Sementara itu pasca demo 4 November, Jokowi menegaskan dirinya sebagai sosok pekerja keras. Setelah ia tahu lewat intelijennya hal-hal terkait demo 4 November, Jokowi memberi pesan kepada seluruh rakyatnya agar bekerja seperti biasa, ngantor seperti biasa.  Dan seperti biasa, hari ini Jokowi bekerja setengah hari di istana dan menerima beberapa laporan menterinya. Setelah  itu ia tetap bekerja keras dan pergi blusukan meninjau pembebasan lahan kereta api di Bandara Soekarno Hatta. 

Pesannya jelas. Demo hanya membuang-buang waktu dan sama sekali tidak akan memajukan negara ini. Seolah Jokowi mengejek Amin Rais, Fadli Zon dan Fahri Hamzah  yang sibuk demo bahwa bekerja lebih penting untuk membangun bangsa ini. Jika ada yang melakukan kesalahan, biarlah penegak hukum melakukan tugasnya. Kita tidak perlu membuang-mbuang banyak energy untuk memaksakan kehendak apalagi kalau ada tujuan politisnya. 

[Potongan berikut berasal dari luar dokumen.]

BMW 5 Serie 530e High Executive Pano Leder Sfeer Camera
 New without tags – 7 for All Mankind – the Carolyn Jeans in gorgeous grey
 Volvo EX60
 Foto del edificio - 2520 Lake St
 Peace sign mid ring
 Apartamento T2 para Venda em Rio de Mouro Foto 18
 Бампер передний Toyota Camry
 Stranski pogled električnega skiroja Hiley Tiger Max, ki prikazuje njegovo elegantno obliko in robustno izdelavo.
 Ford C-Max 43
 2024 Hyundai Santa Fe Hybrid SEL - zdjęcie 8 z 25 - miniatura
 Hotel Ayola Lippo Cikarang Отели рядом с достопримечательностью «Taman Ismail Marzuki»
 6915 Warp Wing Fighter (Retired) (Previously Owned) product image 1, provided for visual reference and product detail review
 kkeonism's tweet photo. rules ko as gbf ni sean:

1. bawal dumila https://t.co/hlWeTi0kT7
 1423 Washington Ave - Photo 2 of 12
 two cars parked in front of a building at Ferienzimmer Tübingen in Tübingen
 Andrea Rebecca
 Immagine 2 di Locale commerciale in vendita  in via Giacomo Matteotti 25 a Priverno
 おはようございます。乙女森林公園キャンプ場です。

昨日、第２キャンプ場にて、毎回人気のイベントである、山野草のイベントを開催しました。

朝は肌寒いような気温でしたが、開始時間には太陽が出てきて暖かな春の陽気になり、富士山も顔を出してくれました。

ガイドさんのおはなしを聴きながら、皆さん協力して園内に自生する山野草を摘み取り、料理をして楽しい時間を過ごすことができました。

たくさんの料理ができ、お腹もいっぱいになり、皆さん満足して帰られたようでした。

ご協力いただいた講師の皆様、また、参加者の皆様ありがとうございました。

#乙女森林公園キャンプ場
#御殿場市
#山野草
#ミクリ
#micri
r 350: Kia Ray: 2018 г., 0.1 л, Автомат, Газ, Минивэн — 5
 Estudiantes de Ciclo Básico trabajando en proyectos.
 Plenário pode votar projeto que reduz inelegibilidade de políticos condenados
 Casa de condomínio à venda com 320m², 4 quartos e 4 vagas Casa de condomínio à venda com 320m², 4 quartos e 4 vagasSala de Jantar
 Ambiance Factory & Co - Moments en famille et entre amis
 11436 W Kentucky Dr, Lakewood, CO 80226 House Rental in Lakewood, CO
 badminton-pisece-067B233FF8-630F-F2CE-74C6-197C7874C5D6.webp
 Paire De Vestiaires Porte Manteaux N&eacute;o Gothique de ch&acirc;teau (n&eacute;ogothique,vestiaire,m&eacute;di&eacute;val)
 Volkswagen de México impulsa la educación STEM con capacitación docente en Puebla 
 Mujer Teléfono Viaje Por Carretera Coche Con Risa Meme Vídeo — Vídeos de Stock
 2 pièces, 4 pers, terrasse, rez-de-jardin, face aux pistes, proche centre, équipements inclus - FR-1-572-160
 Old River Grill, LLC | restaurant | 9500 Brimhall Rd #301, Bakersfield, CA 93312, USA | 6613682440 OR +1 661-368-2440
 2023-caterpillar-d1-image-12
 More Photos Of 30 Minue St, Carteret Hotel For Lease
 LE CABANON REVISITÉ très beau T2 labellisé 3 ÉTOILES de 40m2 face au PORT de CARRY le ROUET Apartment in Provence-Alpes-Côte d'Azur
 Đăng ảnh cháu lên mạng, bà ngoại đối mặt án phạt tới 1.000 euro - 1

Jadi kendatipun ada demo yang menggelegar di istana, justru Jokowi tetap bekerja. Ia pergi blusukan dan menegaskan dirinya sebagai seorang The Blusukan King. Jika demo hanya membuang energi, materi dan menggangu keamanaan,  maka jelas bekerja dan blusukan jauh lebih bermanfaat. Jadi, pasca demo 4 November, Ahok menjadi Road Runner, sosok yang terus dikejar-kejar, Jokowi menegaskan dirinya sebagai The Blusukan King, sementara lawan Ahok menjelma menjadi Cayotes. Begitulah kunang-kunang.